● **Problem to work on**
What you give back should be exactly the lines from the one with "Peace clasp jade" through the end of the data, without the pictures.

Crawled caption data:

_ _ _ _ _ _ _

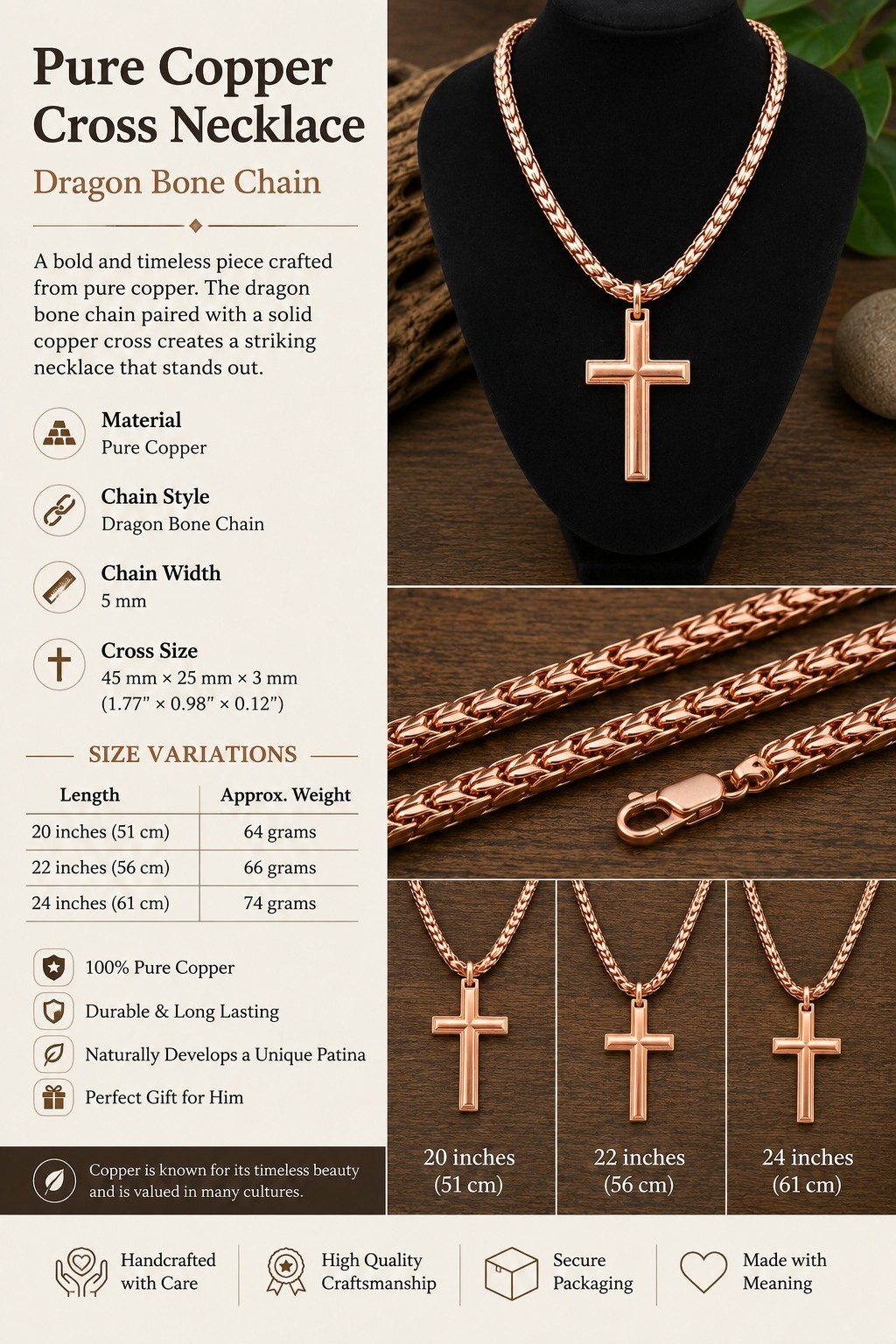 Pure Copper Cross Necklace with Dragon Bone ChainA timeless symbol of faith…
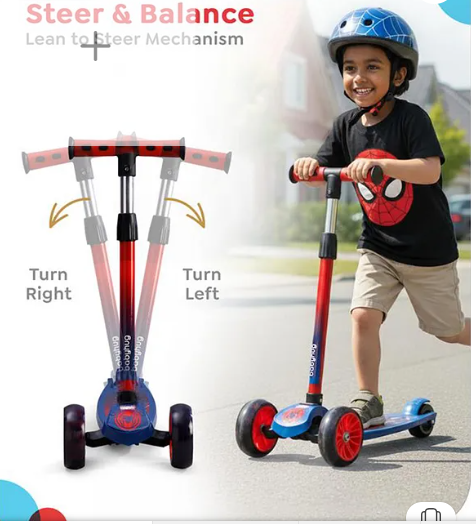 Babyhug Marvel Spider Man Kids 3 Wheel Scooter with Attractive Led Wheels|Compact Fold| Lean-to-Steer| Gifting Option| Physical Activity - Red & Blue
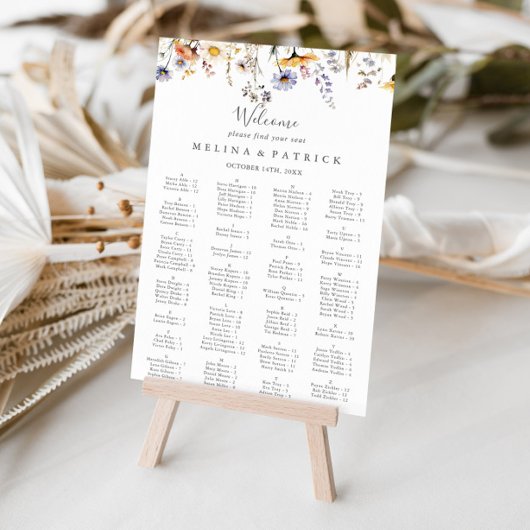 Alphabetische Wildblume Herbst Poster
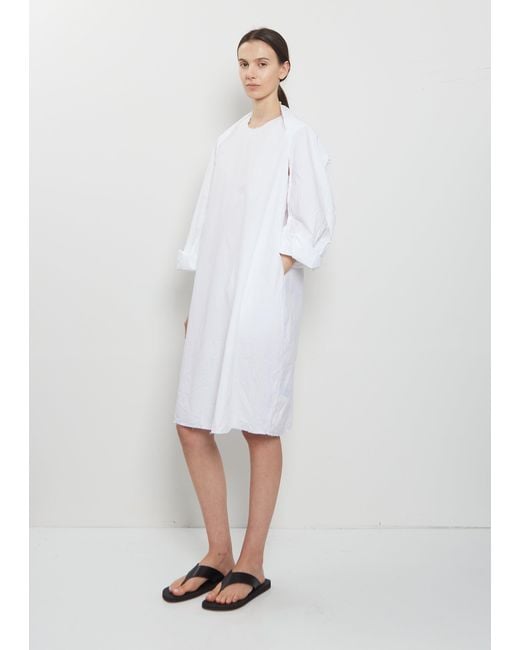 Scha White Sleeve Scarf Paper Cotton Sleeveless Dress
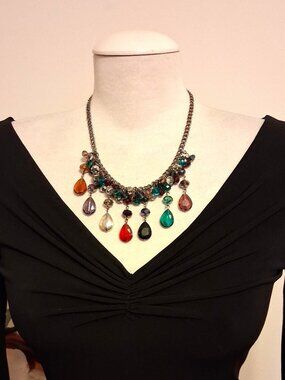New AJ Multi-Color Beads Black Chain Vintage Beaded Necklace & Dangle Earrings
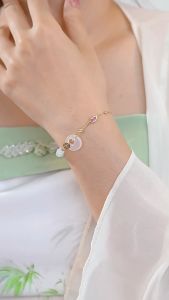 Peace clasp jade chalcedony sterling silver 925 bracelet female China-Chic luxury auspicious cloud bracelet cats eye stone bracelet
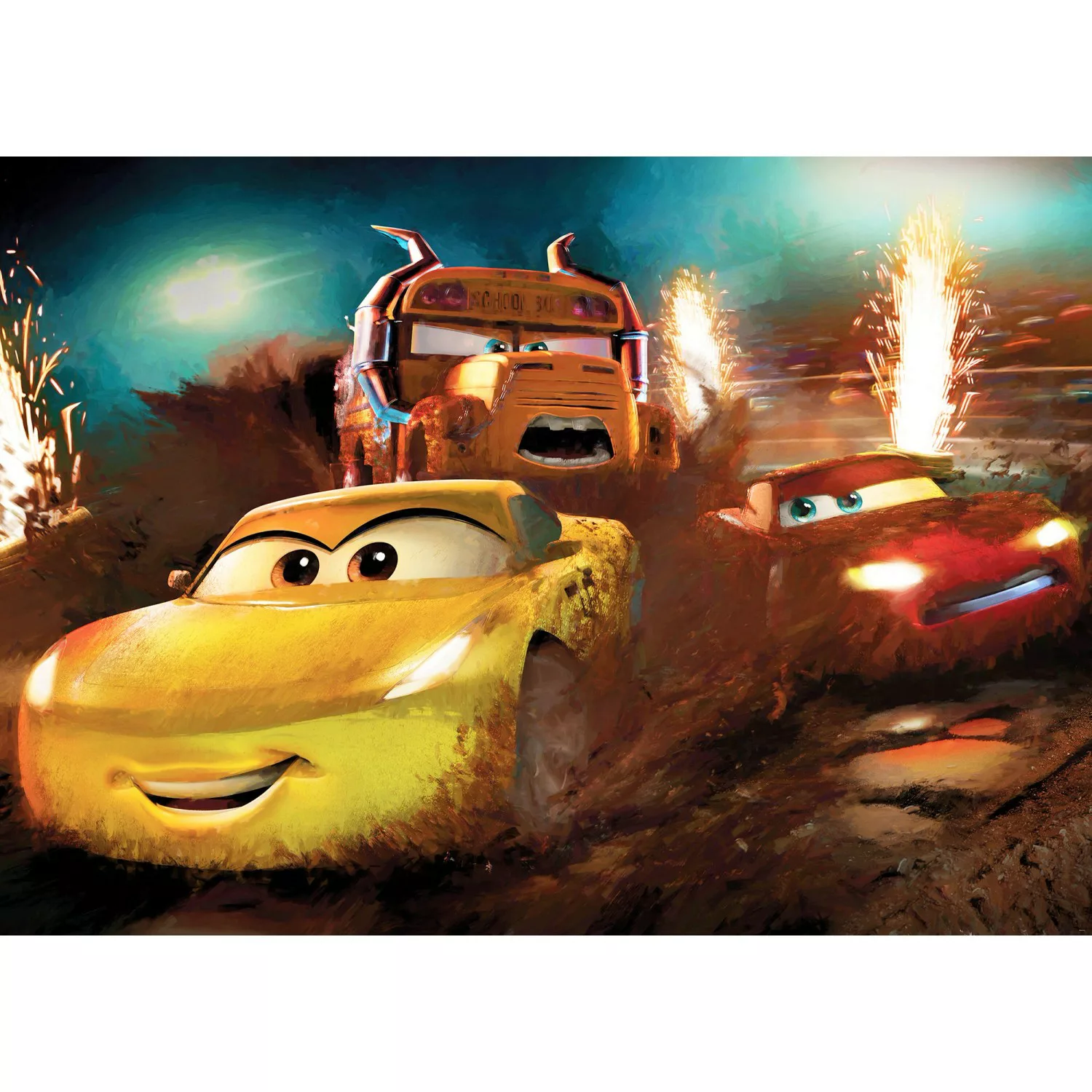 Disney Fototapete Cars Gelb Rot und Blau 350 x 250 cm 612108 günstig online kaufen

_ _ _ _ _ _ _

● **The answer**
 Peace clasp jade chalcedony sterling silver 925 bracelet female China-Chic luxury auspicious cloud bracelet cats eye stone bracelet
 Disney Fototapete Cars Gelb Rot und Blau 350 x 250 cm 612108 günstig online kaufen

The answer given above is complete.